Contacted Friday about the possibility of Simpson attending the yearly event, Hall of Fame officials said “All Hall of Famers are invited to attend the annual enshrinement.”
Simpson, now 70, has served nine years of a nine-to-33-year sentence for his 2008 conviction on armed robbery and kidnapping charges. A Nevada parole board voted unanimously Thursday to grant Simpson his release from prison as early as October 1.
Simpson indicated during Thursday’s parole hearing he wanted to relocate to Florida after his release.
It means Simpson, a Hall of Fame running back who was enshrined into the Hall in 1985, could conceivably attend the annual enshrinement weekend once any restrictions that come with his parole allow for travel.
Simpson has not attended the Hall’s enshrinement ceremonies since 1985, the year he was inducted into the Hall of Fame.

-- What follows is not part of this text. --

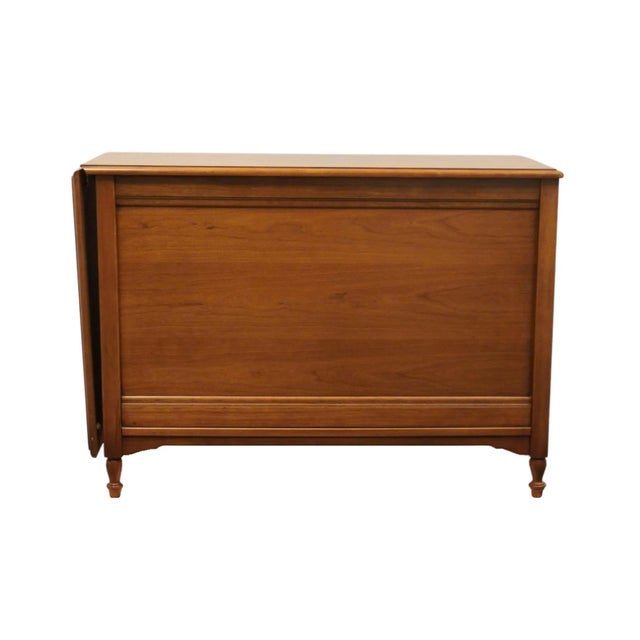 Thomasville Thomasville Furniture Collector's Cherry Traditional Style 66" Server Buffet W. Slide-And-Drop-Top 720-26 For Sale - Image 4 of 12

Simpson’s bust has remained on display since he was enshrined. The Hall of Fame’s by-law stipulate that only a player’s on-field achievements in football are considered as the criteria for enshrinement.

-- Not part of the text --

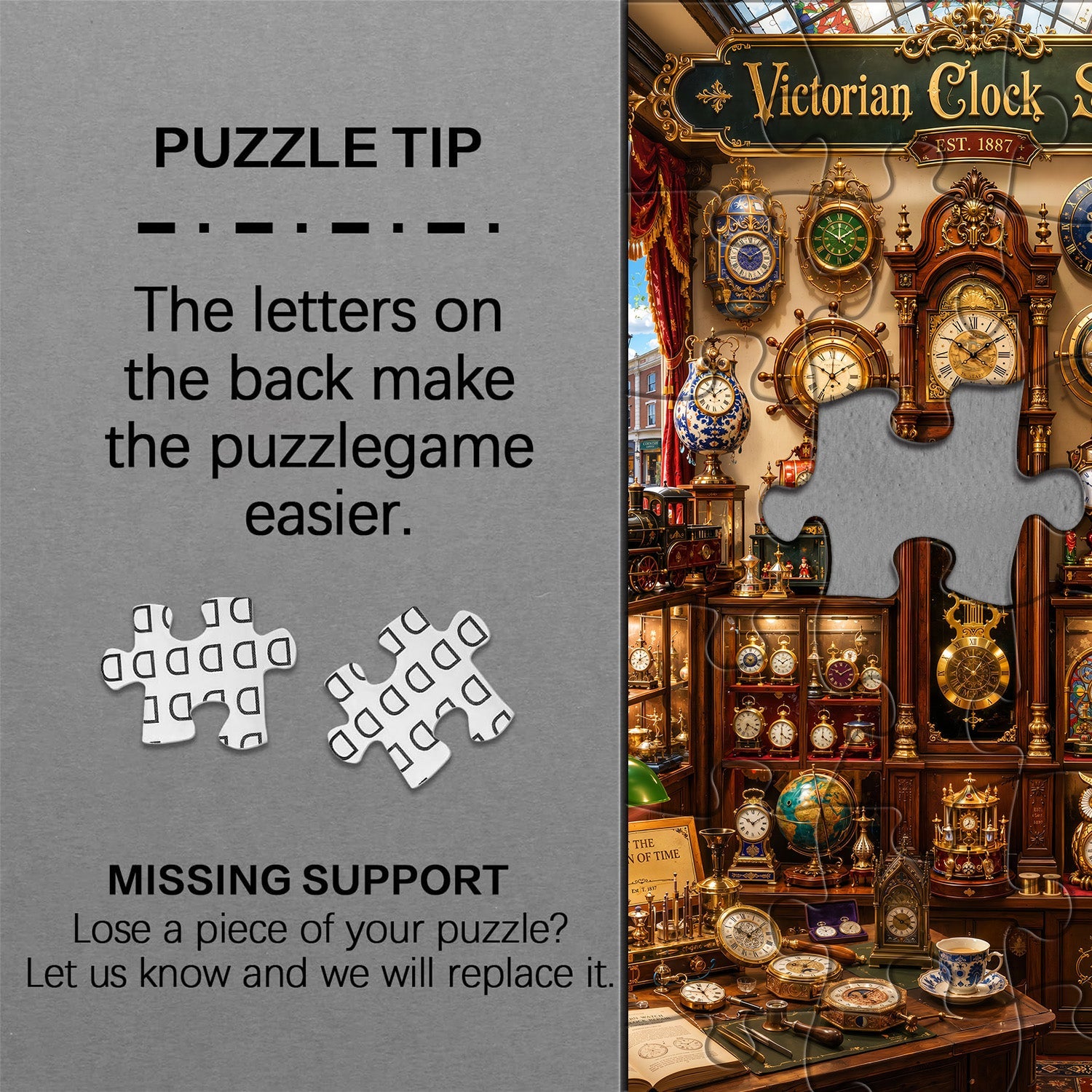 Epoch Clock Studio Jigsaw Puzzle 1000 Piece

Sunday will mark an anniversary of the only time when Simpson’s bust has not been on display in the Hall of Fame. Simpson’s bust was stolen from the Hall of Fame on July 23, 1995 — during his murder trial.
The bust was stolen just as the museum was about the close for the evening and was before the Hall of Fame had bolted down each bust as it does now. The bust was located the following day, by an Ohio Department of Transportation crew, about 50 miles south of Canton, Ohio.
Simpson’s parole will expire Sept. 29, 2022, so he must live under the terms of his release during that time. Under the provisions of his parole Simpson would initially go into a program approach by Nevada’s Division of Parole and Probation as well as report to a supervising officer
He would also have to submit to drug tests as well as written reports each month to that supervising officer until his parole expires.
Simpson rushed for 11,236 yards in an 11-year NFL career and he was the first running back in league history to top 2,000 yards rushing in a season with 2,003 yards in 1973.
In 1995, Simpson was acquitted of the murder of his ex-wife Nicole Brown and Ron Goldman after a highly-publicized trial. The trial and its aftermath was the subject of “O.J.: Made in America,” an Oscar-winning documentary that aired earlier this year.
Simpson’s lawyer referenced the 1995 trial in a press conference following Simpson’s parole hearing Thursday, calling it “the 10,000-pound elephant in that room … I think we were very successful in making sure that elephant was sleeping and that it was washed and very clean and that it never started to rear its head.”